Friday, April 22, 2011

Tea Party Pity Party

Here's an entertaining story in today's Portland Press Herald:

PORTLAND - Eric Cianchette plans to sell the Maine Wharf on the city's central waterfront, saying he's tired of trying to come up with a mixed-use development plan that Portland officials will approve.

"I remember my father telling me, 'You can't just go through life saying what you don't want. At some point, you have to tell people what you do want,"' Cianchette said, and city officials "really don't want anything."
Eric is wrong - just like he was wrong about the inflated real-estate value of the wharf when he was suckered into buying it in 2004.

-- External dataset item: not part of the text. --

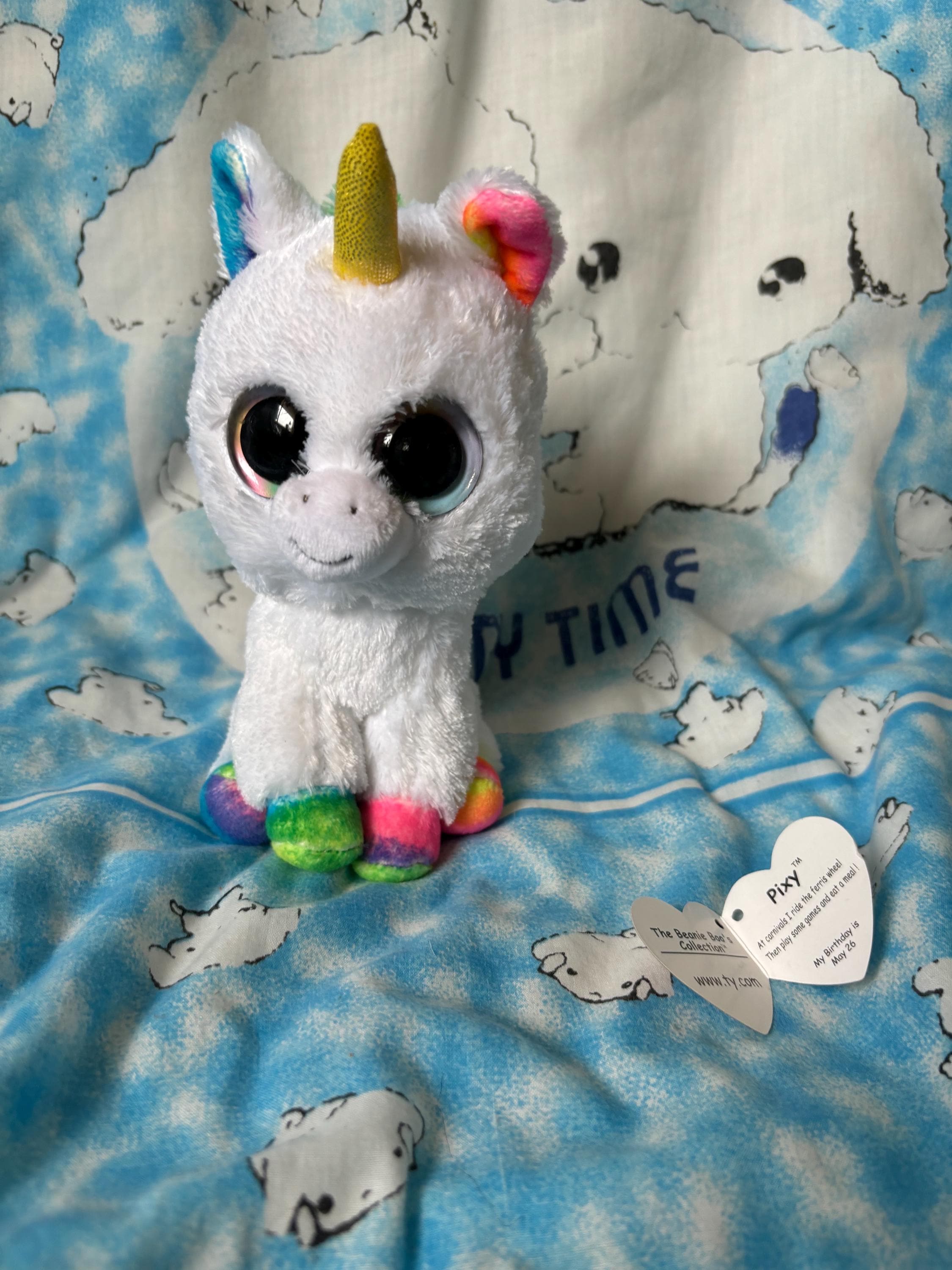 TY Beanie Boos Collection 6" PIXY The Unicorn Plush Stuffed - Foto 3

City officials most certainly do know what they want to have on our waterfront. They want successful marine-oriented businesses. They want a prosperous fishery. They want wharf buildings and businesses that take the fullest advantage of Portland's valuable deep-water harbor.

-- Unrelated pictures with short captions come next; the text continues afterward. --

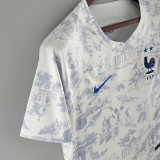 2022-23 France Away World Cup Fans Soccer Jersey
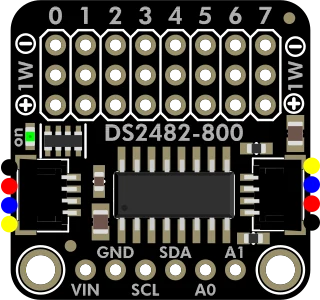 Adafruit DS2482S-800 8 Channel I2C to 1-Wire Bus Adapter illustration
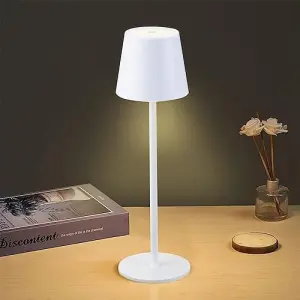 USB Rechargeable Mushroom LED Night Light 2 Color Desk Lamp Touch Switch Table Lamp for Restaurant Room Clubs Bar Cafe Decor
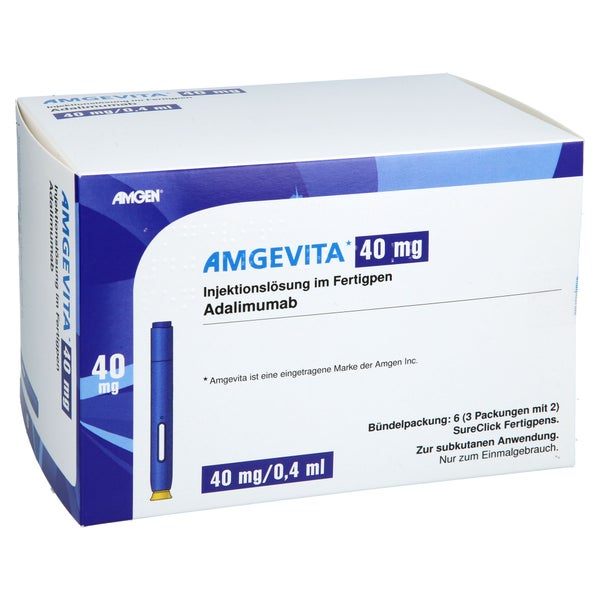 Amgevita 40 Mg/0,4 Ml Inj.-lösung Im Fertigpen 6 St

These kinds of businesses aren't easy to grow. They're challenging. They demand smart entrepreneurs who can think creatively.

By his own self-pitying words in this article, I can come to only one conclusion: Eric Cianchette isn't one of those creative businesspeople.

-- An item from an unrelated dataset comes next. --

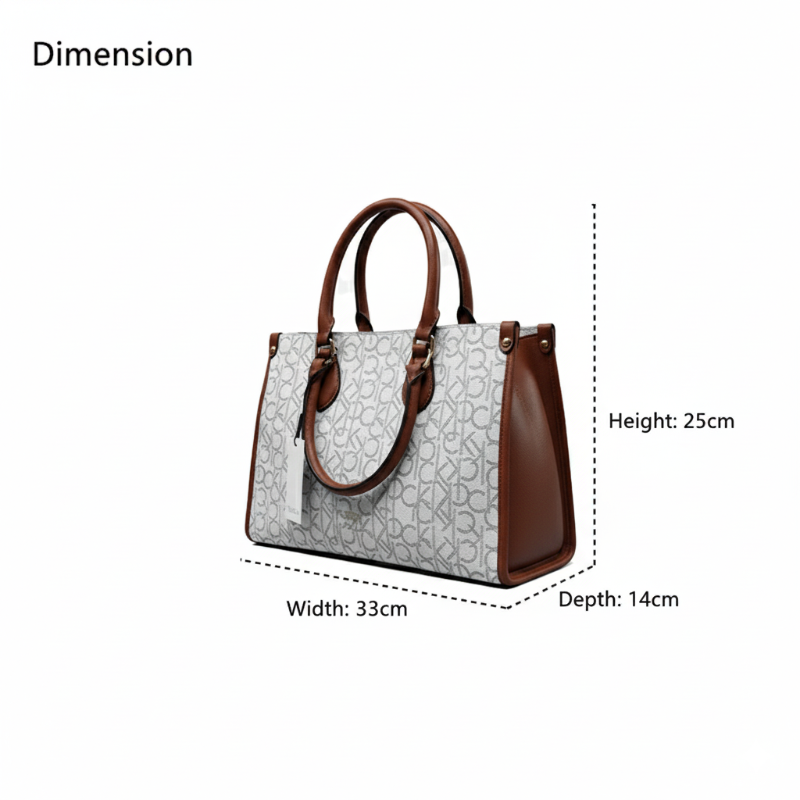 CALVIN Klein Satchel-Shoulderbag-White- CB30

He bought a wharf. He proposed a formulaic, played-out business model instead of doing something challenging and entrepreneurial. And then he got fleeced when the real estate bubble popped. And now - he's blaming City Hall for his problems?


I'm not a hard-assed business guru, but if I were, I'd probably say that this guy needs to stop looking for sympathy, and start looking for success.

There's a lot in common between Eric Cianchette's super sad story and the whole Tea Party zeitgeist of economic frustration. They're all fond of blaming the government. But when I look at those guys, I see a whole lot of failures who are bitterly trying to pin their shortcomings on politicians, instead of owning up to the pathetic reality of their circumstances.

Take, for instance, T.P. Governor LePage's resigning PR flack, Dan Demeritt, a man who made hay by defending businesses against "government regulation," only to succumb to bigger businesses when banks foreclosed on a number of his rental properties earlier this month.

And the Tea Party isn't just failing in business: it's also failing in governance. Just like Eric Cianchette's luxury hotel, the Governor's proposals are going nowhere fast. And true to form, even though he's the Governor now, the government's chief executive, he is STILL blaming the government: "I went on vacation last week because I had nothing to do," the Governor said last week at a Chamber of Commerce speech reported by the Sun-Journal's Steve Mistler. "Because I'm waiting. I'm waiting for legislation. I cannot do anything until the Legislature acts."

These are your tax dollars at work: a vicious cycle of finger-pointing. Who needs leadership when you've got scapegoats?

These guys act as though they hate government. But they need the government more than anyone. If the government weren't there, whom could they blame for their failures? Nobody but themselves.

The bottom line is this: business in Maine can't thrive until losers like these guys get out of the way. But for the time being, at least Eric Cianchette is getting out of Portland's waterfront.